The brief was clear: create an editorial piece for Plateselector, a Spanish online magazine about food and lifestyle. I was supposed to invent a new format for the gastronomy publication. The idea of Feat is based on the concept of the invited editor. In this case I worked with chefs giving them a platform to express themselves. I think that many of them have an incredible cultural background and great ideas to share, so I wanted to discover the elements behind their work.
Feat magazine is a merger of two different creative fields—gastronomy and design. The first issue was created in collaboration with Laura Veraguas, a Barcelona-based chef with a strong taste and vision of culture, philosophy and life.

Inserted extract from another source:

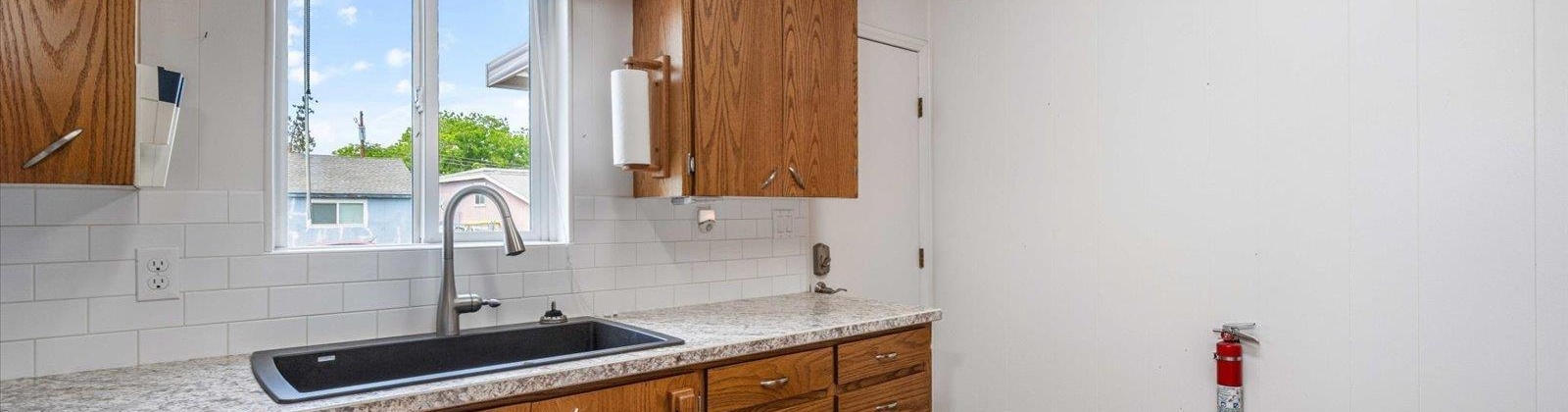 6th Ave, Kennewick, Washington 99336, 3 Bedrooms Bedrooms, ,2 BathroomsBathrooms,Site Built-owned Lot,For Sale,6th Ave,285144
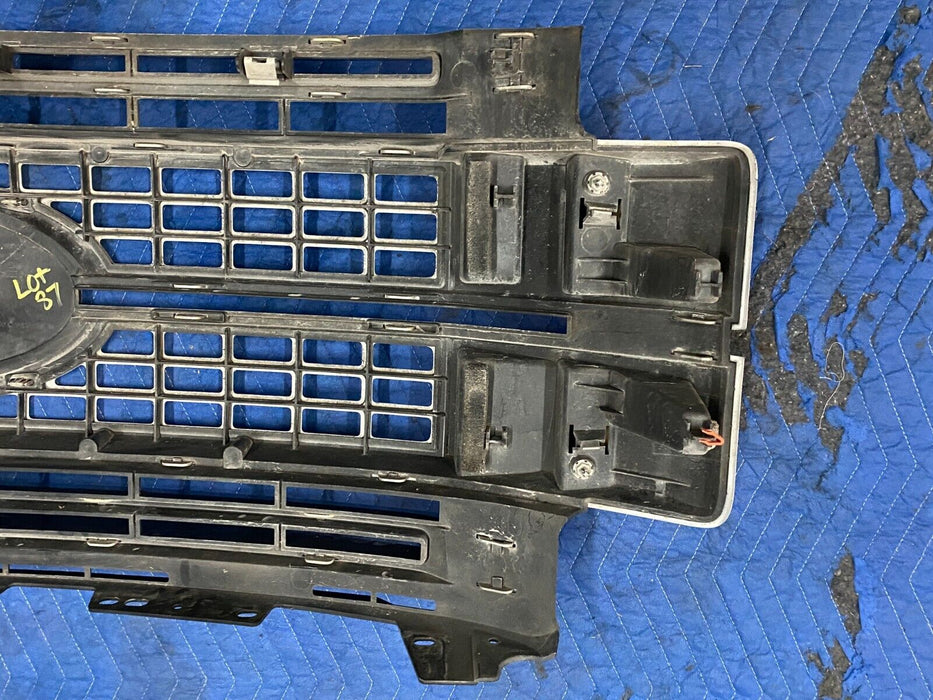 2017 2018 2019 FORD F250 F350 F450 PLATINUM CHROME GRILLE OEM ~DAMAGE~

Her work is a perfect example of the artistic presence in gastronomy.
How did you find the process? Did you use any new techniques or ways of working?
In editorial, all the parts should be in harmony helping each other to transmit the mood or idea of the publication. It was quite challenging for me to create most of the content by myself because I didn’t have lots of experience in many of the areas I was trying out, so I did my best to accept that challenge and break out of my comfort zone. I think the result was quite good, despite the fact there are always things to improve.
Mainly I used photography as a tool, I made some portraits and still-lifes, but the most thrilling experience was when I decided to create illustrations for the essay In Praise of Shadows by Jun’ichirō Tanizaki. I was investigating traditional Japanese techniques when I found Gyotaku—a method of printing fish. It was really impressive and the prints were both powerful and delicate. So I decided to try it. I think it was the weirdest thing I’ve ever done in my life, but I was really happy with the result.
Why do you think it is so important nowadays to develop collaboration between professionals from different domains?
I am amazed by the idea of collaboration. I think that the best thing about design is that it is a meeting point of so many things, it’s like a melting pot. It is all about communication and experience, because as a designer you have to interpret things and ideas around you no matter where they are coming from—science, culture, relations, etc. Everything you perceive can be retranslated by a design piece. So I think that collaboration is a great part of the process which gives you a key to many other realities, especially nowadays, when everything is developing so fast and so many new tools appear each day.
How do you balance your work as a graphic designer with visual art?
It is always very important to find the balance between “artistic” and “rational” parts of the process. I think they are both essential. Obviously, the design part helps me a lot when I have to make decisions about structure, rhythm, system. Understanding basic rules helps to make a platform that can host the art you create. For me, design means form and art is more about the essence.
What are your main inspirations (artists, designers, cities etc)?
Laura and I were inspired by many things. That’s why it is not just a gastronomy magazine. You can find articles about Karel Martens, Léos Carax and Gordon Matta-Clark in it. I was really lucky working with Laura because she finds inspiration in art, literature, philosophy and applies different concepts to her creations. It is just impressive.
We also made an experiment—Laura prepared dishes recreating pieces of art we’ve chosen. We were inspired by the amazing land artist Andy Goldsworthy and Barcelona-based graphic designer Borja Martínez, the founder of Lo Siento Studio and Laura’s friend. In this experiment we were exploring the visual part of the dish trying to repeat the compositions and colour palettes of the original art pieces. And now we have new ones—born between art and gastronomy.
Nowadays, for me inspiration means courage. I’m looking for artists, musicians, designers that are challenging themselves and have no fear.
How do you imagine your work to be ten years from now?
It’s difficult to answer this question. I am really excited by the number of possible ways it could develop but it also scares me a bit. Now I am interested in programming as a creative tool, so I think I will start to learn processing because it is a new way to understand creativity which really gives you possibilities and freedom to experiment in art and design, so I think it has a great future. Also I’d love to explore typography and use it as a highly expressive tool. In the next ten years I hope to find my unique style and improve my skills, so I can dedicate myself to looking for some new stories to tell.